Wonder Woman has been a member of DC's Big Three heroes ever since she, Superman and Batman were the three icons to continue publication in the long night between the end of the Golden Age proper circa 1949 and the beginning of the Silver Age of superhero comics in the late 1950s. However, while Diana has always had iconic value, she has never been anywhere near as popular as her alleged co-equals, and much of her popularity rests on a campy 1970s TV show that is about as good as representation of the character as Adam West is of Batman. Even in comics, she has always struggled in the sales department. In 2006, however, her title was safe in the hands of Greg Rucka, arguably the best Wonder Woman writer ever. So, of course, DC bounced him, bringing in Allan Heinberg for a revamp that horribly regressed the character to her terrible Silver Age status quo, and, aided by the normally more-than-competent Geoff Johns on "Infinite Crisis", horribly misrepresented the character's post-Crisis history. And then DC unleashed "Amazons Attack", which I believe to be the worst crossover in comics history, even worse than Marvel's "The Crossing", which eventually had to be written off as a deliberate attempt by a villain to confuse the heroes.
One could spend hours cataloguing all of the problems with this crossover, but I will endeavour to be brief:
1) The structure; major events take place in "Wonder Woman", not included in this collection (which also results in Jodi Picoult's collected edition ending on a cliffhanger, necessitating that readers buy another book; my advice: save your money), and there's no clear reading order for the issues (normally, publication order would give a good indication, but that doesn't work here, and, anyway, these are collected editions, not monthly comics).
2) The wholesale rape of the Amazons; as if Hercules wasn't bad enough, Diana's people, once held up as paragons of wisdom who had found a better way to live, are now shown to be a clutch of barbarian murderers who blindly do what their resurrected former Queen tells them to do, even when a known enemy was responsible for her resurrection.
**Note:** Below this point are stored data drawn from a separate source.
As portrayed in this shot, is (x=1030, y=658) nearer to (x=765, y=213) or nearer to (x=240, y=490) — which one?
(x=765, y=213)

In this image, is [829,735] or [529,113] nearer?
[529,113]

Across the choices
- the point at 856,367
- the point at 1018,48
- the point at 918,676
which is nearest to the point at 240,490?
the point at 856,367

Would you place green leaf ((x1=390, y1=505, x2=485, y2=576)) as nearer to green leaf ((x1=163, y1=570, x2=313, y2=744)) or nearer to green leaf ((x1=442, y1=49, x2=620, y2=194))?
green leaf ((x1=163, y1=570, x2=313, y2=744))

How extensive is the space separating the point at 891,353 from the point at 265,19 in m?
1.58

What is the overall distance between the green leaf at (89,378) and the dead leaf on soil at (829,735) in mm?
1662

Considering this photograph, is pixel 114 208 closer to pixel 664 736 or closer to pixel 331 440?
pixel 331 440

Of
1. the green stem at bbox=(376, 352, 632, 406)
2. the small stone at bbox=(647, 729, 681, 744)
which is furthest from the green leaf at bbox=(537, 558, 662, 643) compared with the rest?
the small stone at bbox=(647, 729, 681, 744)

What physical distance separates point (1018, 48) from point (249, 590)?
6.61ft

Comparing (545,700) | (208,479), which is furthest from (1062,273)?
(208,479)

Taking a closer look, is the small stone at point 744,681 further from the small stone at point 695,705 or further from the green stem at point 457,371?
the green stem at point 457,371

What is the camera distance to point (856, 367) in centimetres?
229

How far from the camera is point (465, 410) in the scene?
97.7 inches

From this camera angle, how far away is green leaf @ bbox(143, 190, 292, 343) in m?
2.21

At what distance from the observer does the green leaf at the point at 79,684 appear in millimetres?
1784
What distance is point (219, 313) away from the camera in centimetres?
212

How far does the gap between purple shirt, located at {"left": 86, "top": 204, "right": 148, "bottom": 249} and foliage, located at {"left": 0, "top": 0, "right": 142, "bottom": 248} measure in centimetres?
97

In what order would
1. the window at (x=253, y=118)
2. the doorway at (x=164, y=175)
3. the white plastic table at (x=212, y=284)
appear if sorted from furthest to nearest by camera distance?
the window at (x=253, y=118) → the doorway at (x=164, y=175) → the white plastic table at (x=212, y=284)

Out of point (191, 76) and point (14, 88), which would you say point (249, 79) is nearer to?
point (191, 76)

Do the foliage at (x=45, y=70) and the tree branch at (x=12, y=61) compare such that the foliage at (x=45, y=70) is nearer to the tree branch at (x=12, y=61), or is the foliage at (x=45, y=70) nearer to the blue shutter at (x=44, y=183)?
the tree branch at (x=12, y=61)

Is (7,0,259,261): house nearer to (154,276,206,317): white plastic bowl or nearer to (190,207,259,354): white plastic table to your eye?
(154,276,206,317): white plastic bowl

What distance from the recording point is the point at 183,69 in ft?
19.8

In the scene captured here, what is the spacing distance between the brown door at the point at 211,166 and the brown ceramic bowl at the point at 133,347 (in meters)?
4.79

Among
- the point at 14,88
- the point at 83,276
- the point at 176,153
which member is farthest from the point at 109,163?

Diana's mom Hippolyta gets at least a partial out in this story, but she is written as a raving lunatic (and everyone seems to have forgotten that she wasn't queen anymore when she died).
3) The portrayal of Diana and all the other heroes as a bunch of pathetic morons who refuse to fight the Amazons, basically because if they actually engaged them they would wipe the floor with them; we're told that their first priority is "rescue", rather than confronting the invaders, when logic would dictate that getting rid of them would eliminate the need for rescue. The heroes fail at every turn in this story, and, what's more, act superior about it (Black Canary, at one point, proclaims that the cavalry has arrived, having arrived too late to stop a USAF pilot from being executed by Amazons; generally, Dinah, the cavalry saves people).
4) The ending, which I won't get into here, because it hurts to think about; sufficed to say that it has already attained reputation as legendarily nonsensical among comics fans.
2007 was hands-down the worst year in Wonder Woman's 66-year-history, and this story was a huge part of it. Avoid this at all costs.